Такие разговоры происходили обычно во время вечерних прогулок по Петербургу. Быть может, Осип вспоминал и те времена, когда, как он писал в «Шуме времени», по улицам Петербурга продолжали ездить конки и спотыкались клячи, похожие на Россинанта Дон – Кихота. По улице Гороховой, вплоть до Александровского парка, ездила «каретка», старейшая разновидность общественного транспорта в Петербурге. А теперь, в 1911 году, по Невскому проспекту мчались, бренча звонками, новые, желтого цвета (в отличие от прежних, грязно – бордовых) курьерские трамваи, запряженные сильными, до блеска вычищенными лошадьми.

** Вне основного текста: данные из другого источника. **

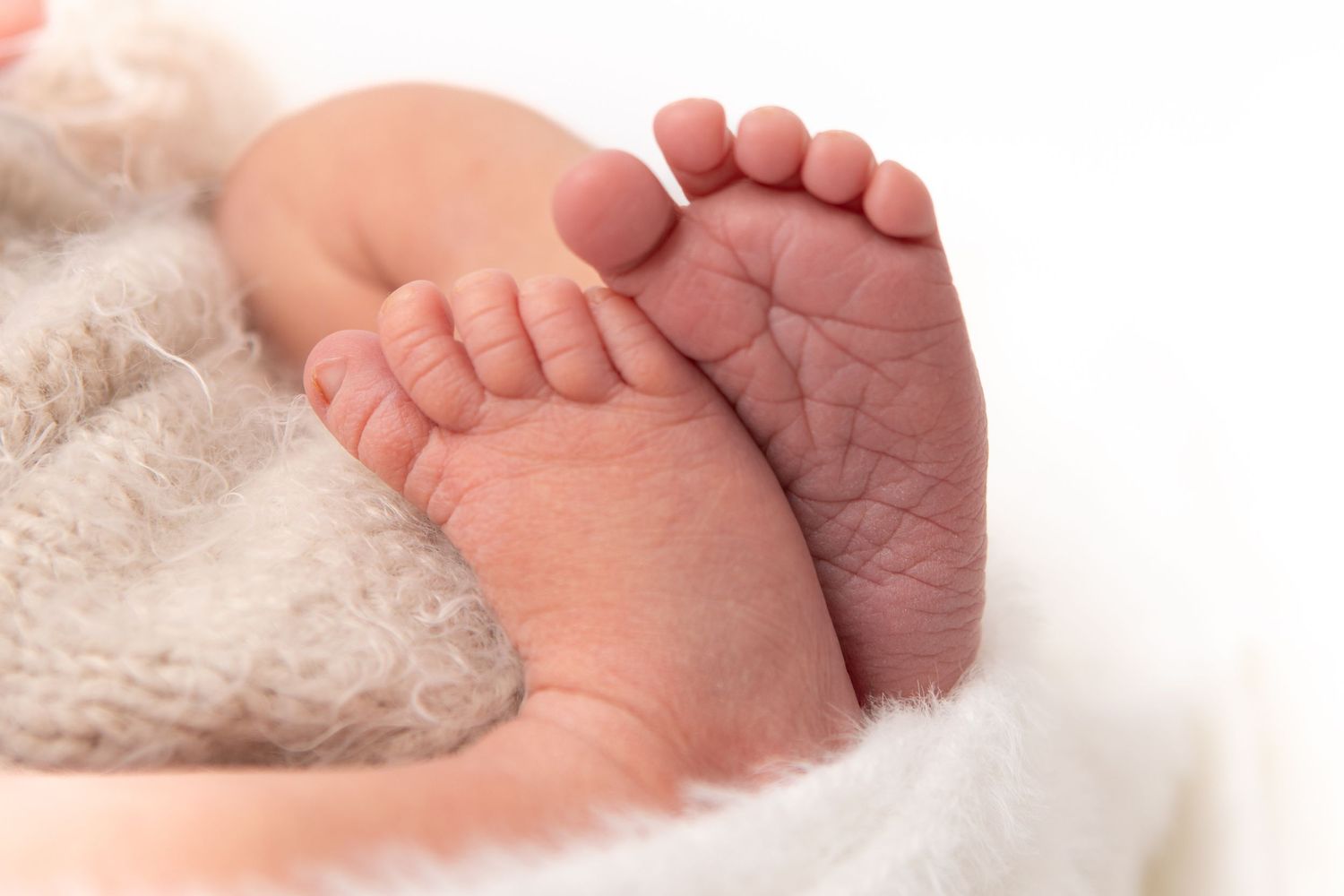 Close-up of tiny newborn feet wrapped in soft white knit fabric.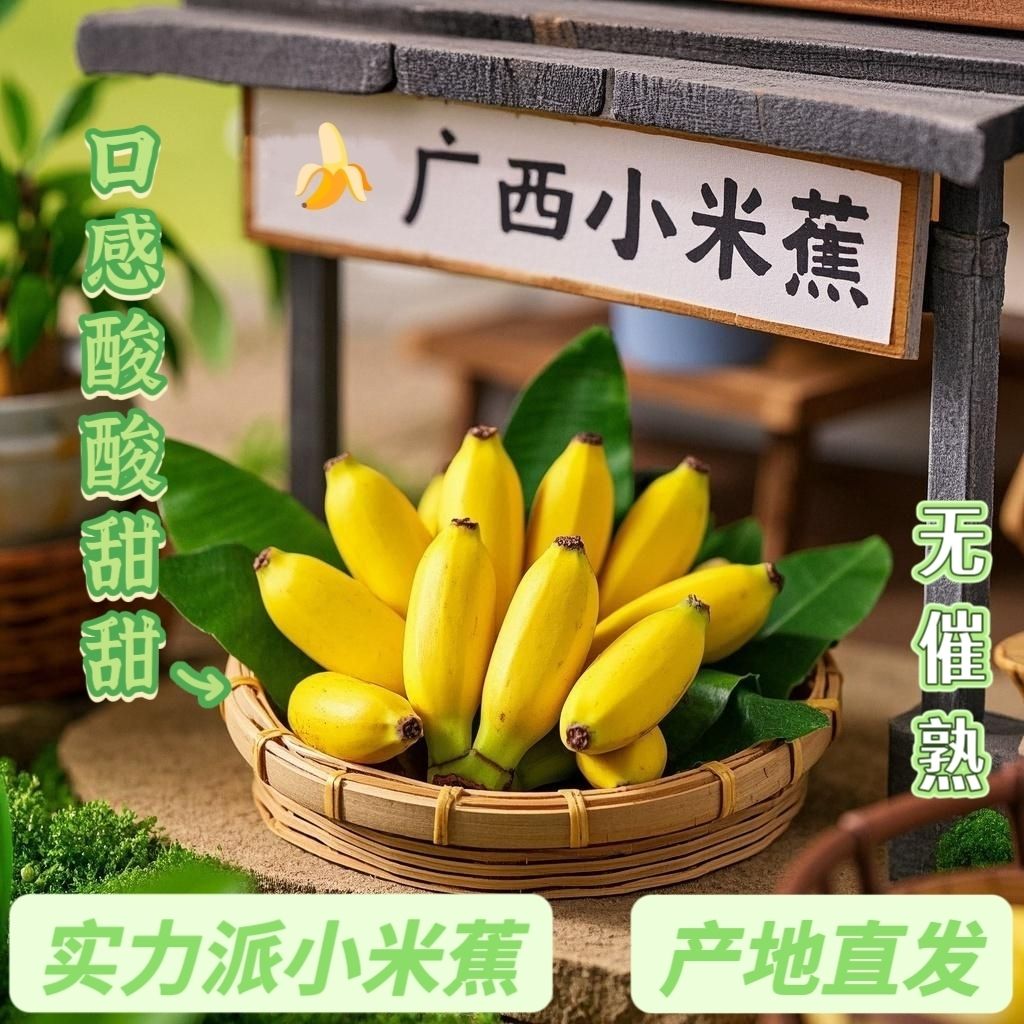 广西小米蕉新鲜农家自种小香蕉小米蕉现摘软糯香甜自然成熟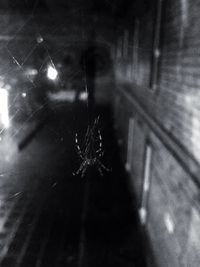 Blurred lights at night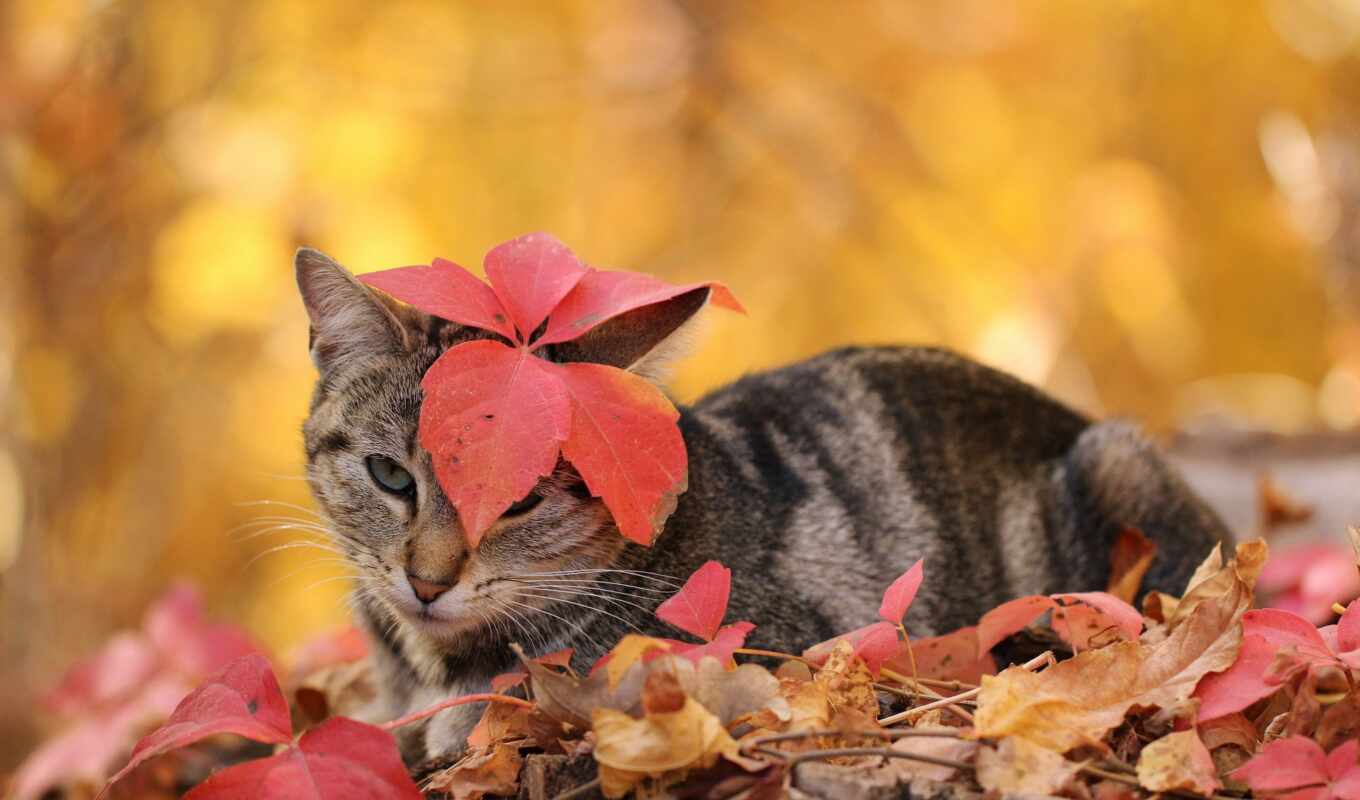 sheet, cat, genus, autumn, avatar, morning, beautiful, VKontakte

Той весной молодой поэт Осип Мандельштам поддался необычайному очарованию своей новой подруги. Несколько раз он признавался ей в любви. Но та упорно отвечала, что это только безумно испортило бы их дружбу. Мандельштам в те времена был ею чрезвычайно заинтересован, как позднее Анна призналась своему конфиденту Павлу Лукницкому, старательно записавшему эти слова в дневник. Впрочем, это, пожалуй, эвфемизм, если учесть любовные признания и поэтические строфы Мандельштама в честь Ахматовой. Однако (что в точности записал Лукицкий), он никогда не привлекал ее физически и не интересовал ее как мужчина. «Я терпеть не могла, когда он целовал мне руки», − откровенно признается Лукицкому в 1924 году тридцатипятилетняя Ахматова. Ее сердце раздирала тогда любовь к Николаю Пунину и воспоминания о недавнем супружестве с Владимиром Шилейко, а также незабываемый поэтический флирт с Николаем Недурново и страстная любовь к художнику Борису Анрепу, который в то время был уже в эмиграции. И, наконец, был еще роман с музыкантом Артуром Лурье, мужем ее лучшей подруги, Ольги Глебовой – Судейкиной, талантливой балерины. Николай Гумилев говорил в шутку: «Аня, больше пяти поклонников – это неприлично».